Marília comenta que este conceito tradicional de ópera, ligado ao teatro declamatório, já foi superado há muito tempo a partir das ideias do maestro, compositor, diretor de teatro e ensaísta alemão Richard Wagner (1813 – 1883).

“Na proposta de Wagner, as grandes performances vocais, as árias,  do modo tradicional, dão lugar aos textos recitativos. Surge, com este compositor, um modo particular de utilizar o leitmotiv, que é o motivo musical específico para uma personagem e que poderá ser mais agressivo ou mais doce, dependendo daquilo que se quer passar em relação ao personagem”, explica a professora.
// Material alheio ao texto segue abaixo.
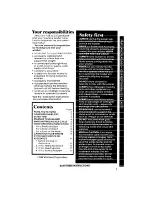 Preview for 3 page of Whirlpool LA5000XM Use And Care Manual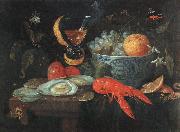 KESSEL, Jan van Still Life with Fruit and Shellfish szh china oil painting reproduction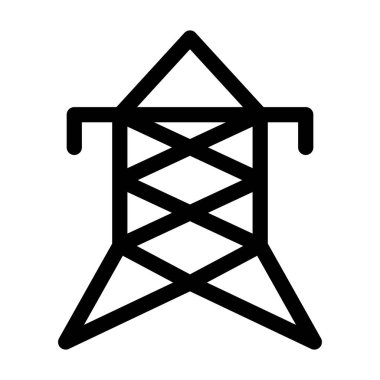 Kişisel ve ticari kullanım için Elektrik Kulesi Vektör Kabartma Simgesi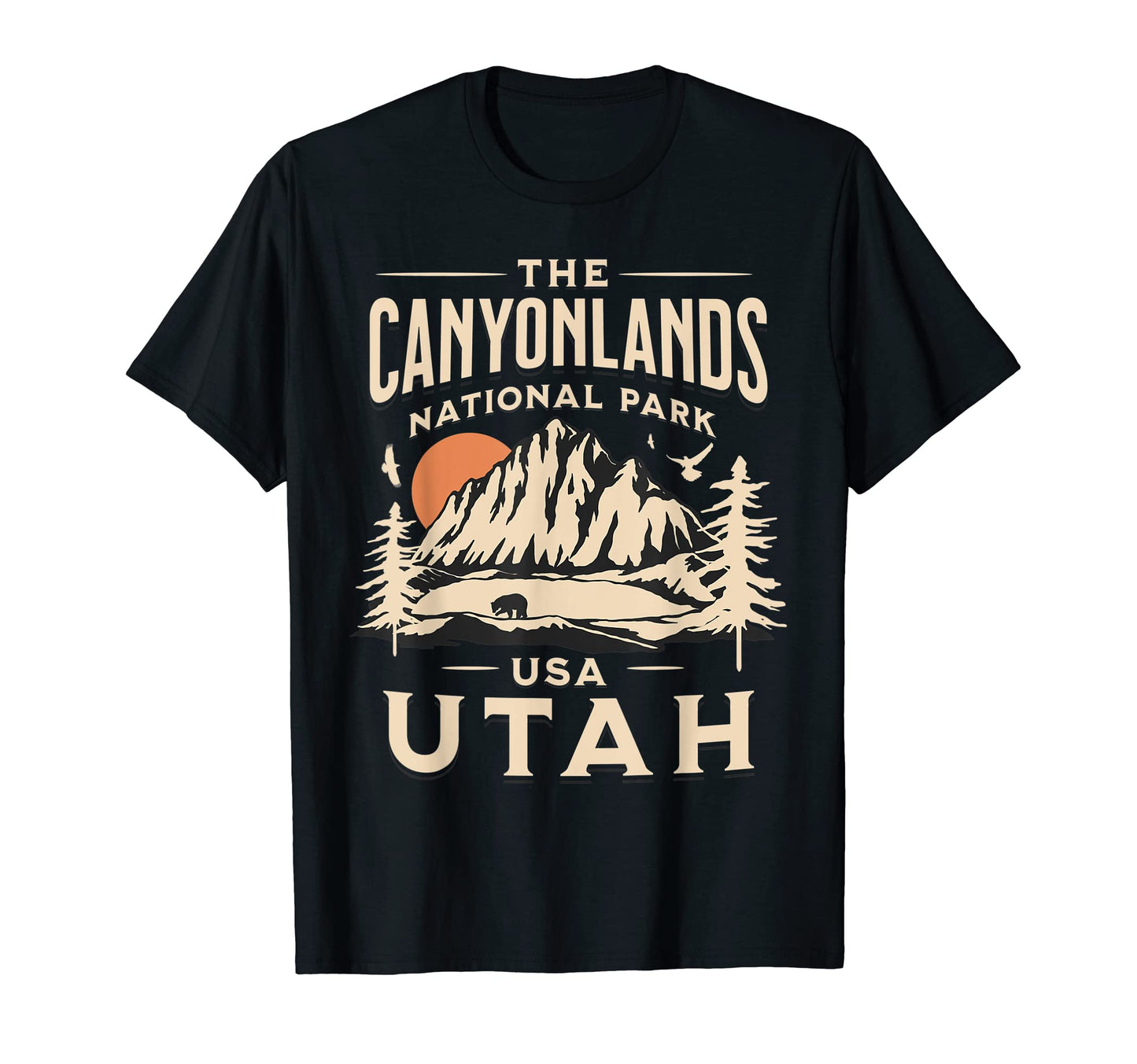 Canyonlands National Park Utah Hike T-Shirt - Minimalist Print Unisex - T-Shirt, Sweatshirt, Hoodie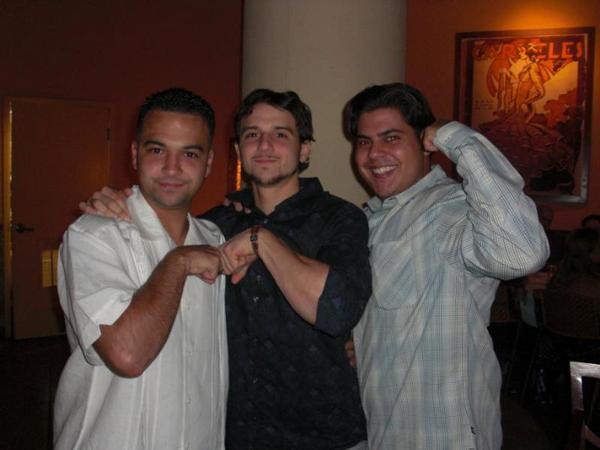 Gio's birthday... (with his brother and Best Friend)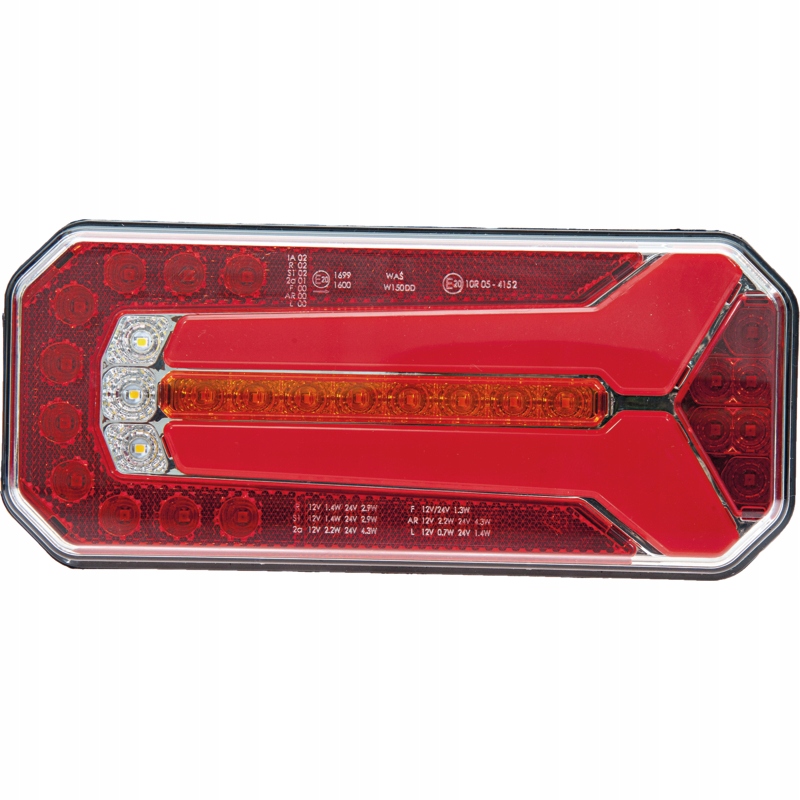 6931123DDLPWAS - Комбинированный задний фонарь универсальный светодиодный IP 68 12 / 24V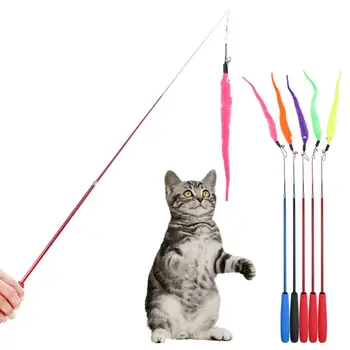 

LumiParty Funny Foldable Cat Rod Worms Teaser&Exerciser for Cat Kitten Interactive Cat Wand-25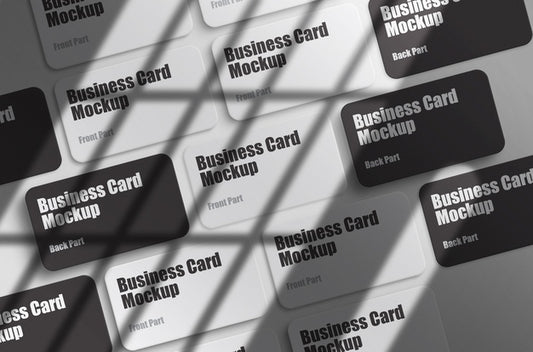 Free Clean Business Card Mockup Template Psd Psd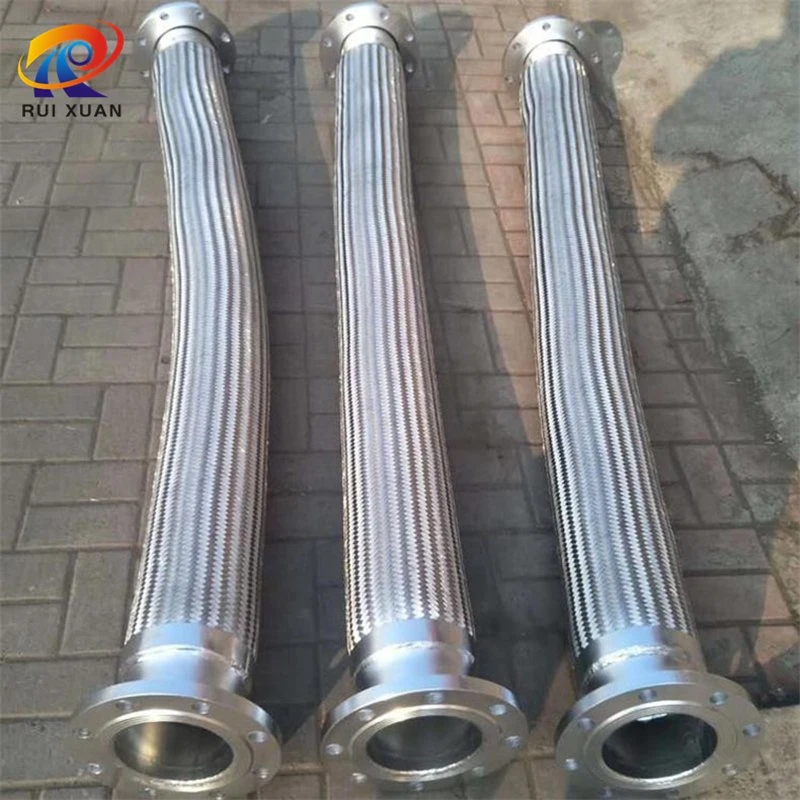 Heat Resistant Stainless Steel Braided Steam Gas Hose High Pressure Flexible Metal Hose Pipe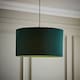 image 2 of ValueLights Reni Large Green Fabric Pendant Shade | Green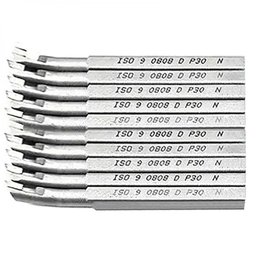 Ferramenta Soldada Interna para Torno Iso9 0808 - 10 Pçs - 2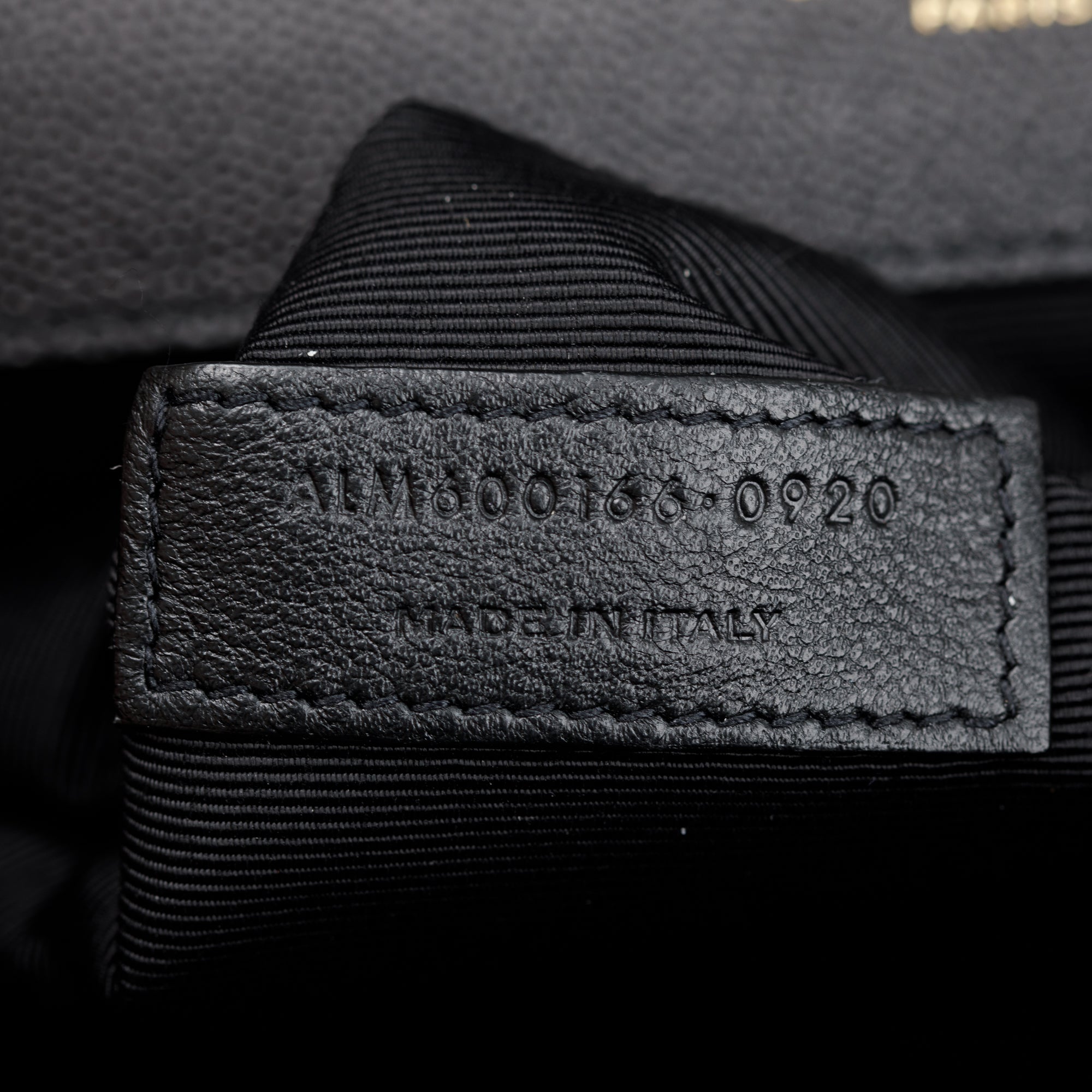 Saint Laurent Black Quilted Grain De Poudre Leather Large Envelope Chain Bag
Segundo Marília, a utilização do leitmotiv (motivo condutor) é justamente para fazer com que os recitativos sejam um constante entrelaçamento de temas que simbolizam personagens, sentimentos, objetos. “Wagner concluiu que a forma da ópera poderia ser a chave para uma exploração dramática mais intensa. Desse modo, ele estende o tempo cênico de tal maneira que possibilita ao ator explorar ainda mais a ação corporal”, esclarece, lembrando que o conceito wagneriano de ópera revolucionou o teatro moderno. “Portanto, é de estranhar que as óperas encenadas na atualidade ainda persistam no modo tradicional de encenação”, completa.

Além das entrevistas, Marília também analisou vídeos com a performance dos alunos do Núcleo Universitário de Ópera e de encenações de óperas de grandes nomes europeus. “Havia cenas incríveis, com os cantores deitados no chão ou em posição fetal, e com uma emissão vocal perfeita”, diz. Esse material videográfico foi encaminhado para análise de professores de canto lírico. Eles constataram que mesmos nas situações corporais limite não havia nenhum prejuízo para o canto.

A pesquisa “O corpo na Ópera” foi realizada entre 2011 e 2012 com financiamento da Fundação de Amparo à Pesquisa do Estado de São Paulo (Fapesp).

O Núcleo Universitário de Ópera (NUO) existe desde 2004 e reúne cerca de 30 alunos de canto lírico da USP, Universidade Estadual Paulista (Unesp) e Universidade de Campinas (Unicamp), além de cerca de 30 instrumentistas.